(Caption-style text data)
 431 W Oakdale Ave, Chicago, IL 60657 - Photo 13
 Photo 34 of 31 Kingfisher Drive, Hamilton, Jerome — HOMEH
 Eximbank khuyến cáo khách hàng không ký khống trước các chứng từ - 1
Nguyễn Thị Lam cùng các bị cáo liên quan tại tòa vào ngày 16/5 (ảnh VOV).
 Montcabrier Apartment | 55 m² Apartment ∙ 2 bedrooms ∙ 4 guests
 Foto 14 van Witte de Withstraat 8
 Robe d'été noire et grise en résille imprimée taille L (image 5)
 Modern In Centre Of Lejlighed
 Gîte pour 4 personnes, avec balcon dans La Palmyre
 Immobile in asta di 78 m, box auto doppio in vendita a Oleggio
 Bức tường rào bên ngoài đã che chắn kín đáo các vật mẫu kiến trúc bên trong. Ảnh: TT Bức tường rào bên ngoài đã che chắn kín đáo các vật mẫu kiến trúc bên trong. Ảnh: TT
* * *
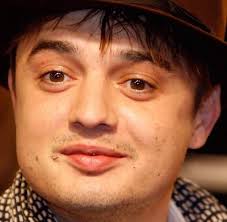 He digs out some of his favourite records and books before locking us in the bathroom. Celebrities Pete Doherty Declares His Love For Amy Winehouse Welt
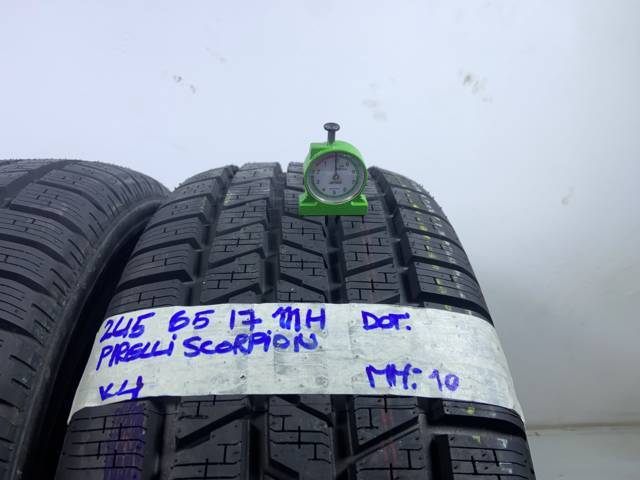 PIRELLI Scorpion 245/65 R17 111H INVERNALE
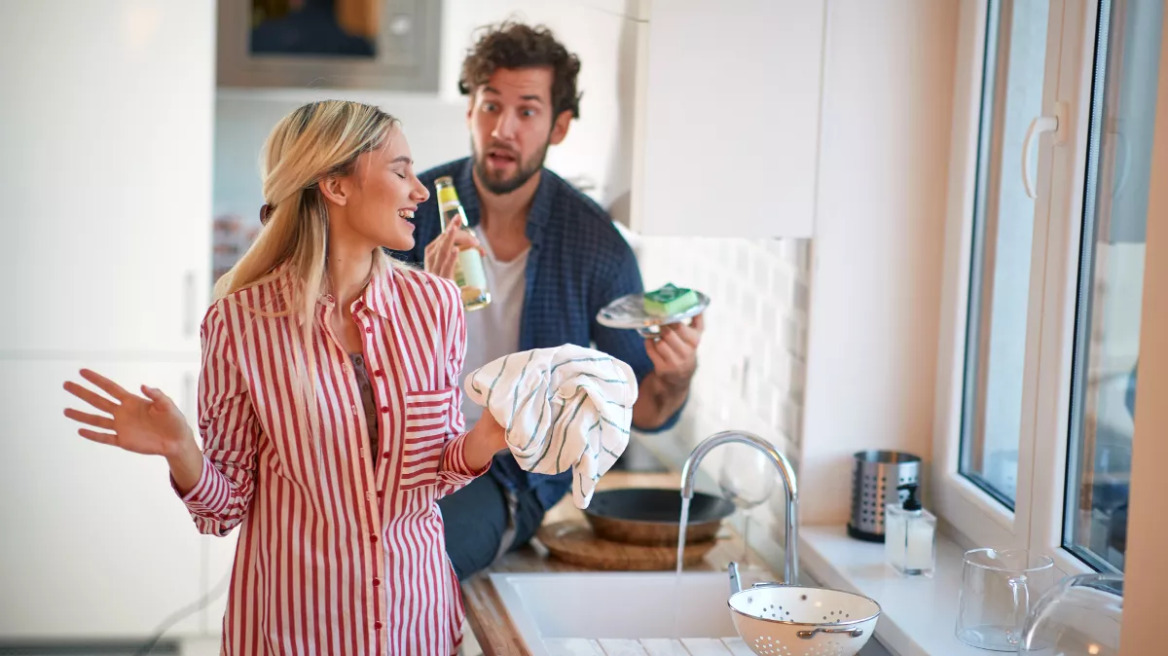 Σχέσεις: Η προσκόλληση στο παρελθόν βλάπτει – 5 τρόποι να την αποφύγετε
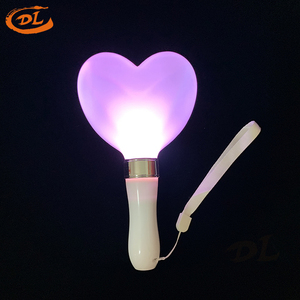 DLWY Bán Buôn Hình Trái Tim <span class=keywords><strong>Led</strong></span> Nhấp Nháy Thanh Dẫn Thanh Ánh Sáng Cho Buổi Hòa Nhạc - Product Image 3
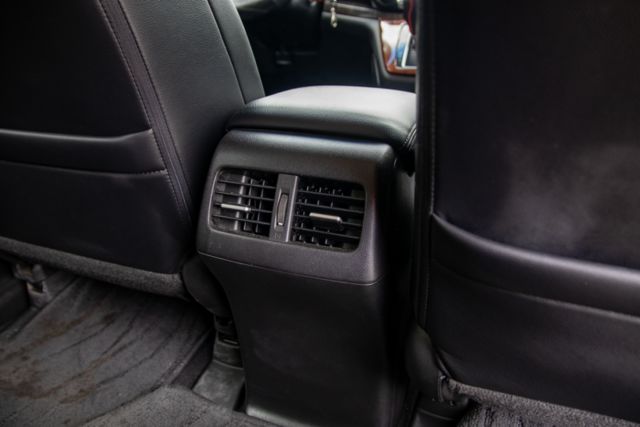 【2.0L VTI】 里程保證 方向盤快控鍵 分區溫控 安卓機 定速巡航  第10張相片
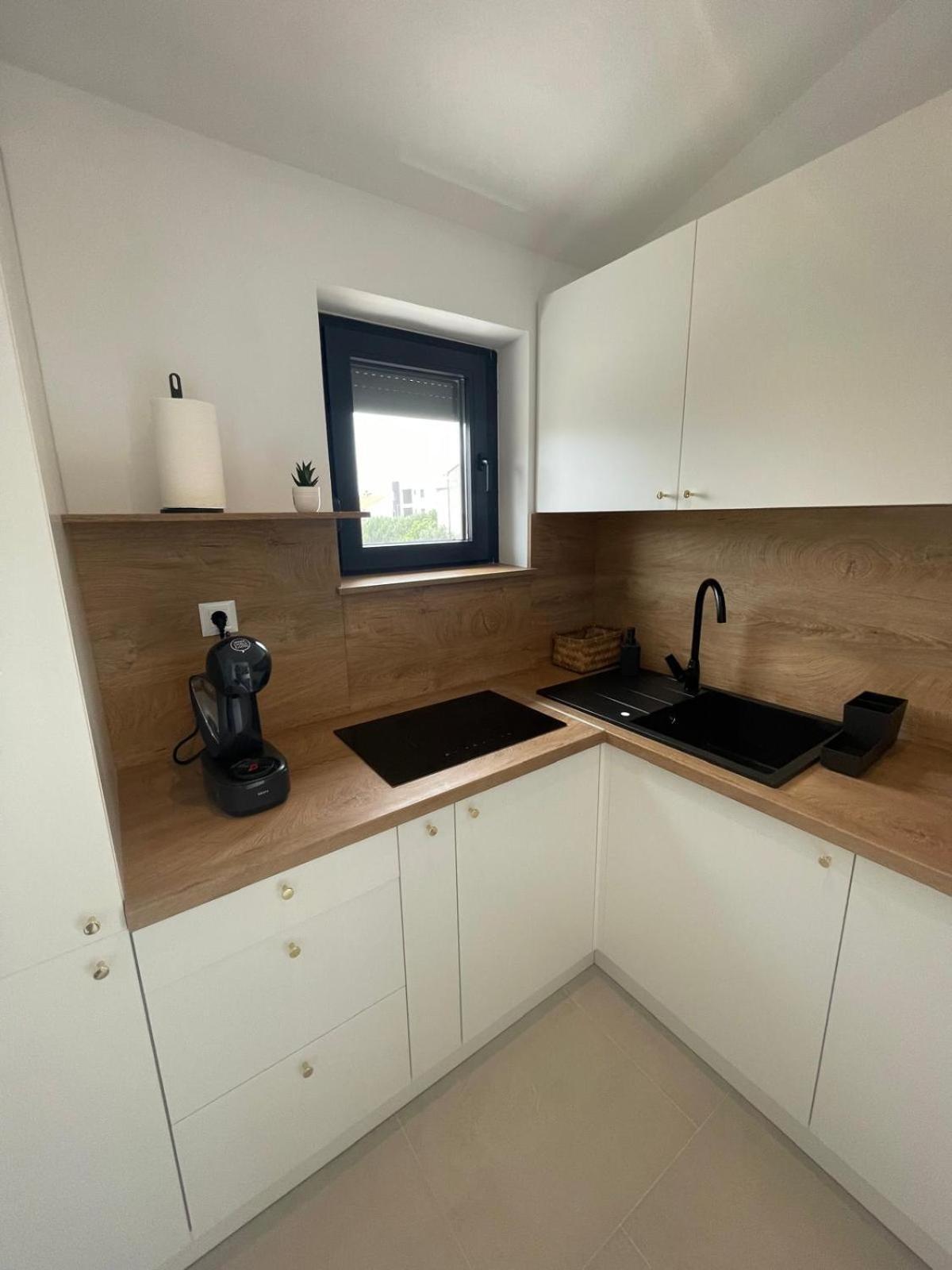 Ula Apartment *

= EXERCISE INSTRUCTIONS =
Only the lines above starting with the line with "Σχέσεις: Η προσκόλληση" and going on through the line with "Ula Apartment *" belong in the answer; repeat them exactly, minus any picture.

= ANSWER SECTION =
 Σχέσεις: Η προσκόλληση στο παρελθόν βλάπτει – 5 τρόποι να την αποφύγετε
 DLWY Bán Buôn Hình Trái Tim <span class=keywords><strong>Led</strong></span> Nhấp Nháy Thanh Dẫn Thanh Ánh Sáng Cho Buổi Hòa Nhạc - Product Image 3
 【2.0L VTI】 里程保證 方向盤快控鍵 分區溫控 安卓機 定速巡航  第10張相片
 Ula Apartment *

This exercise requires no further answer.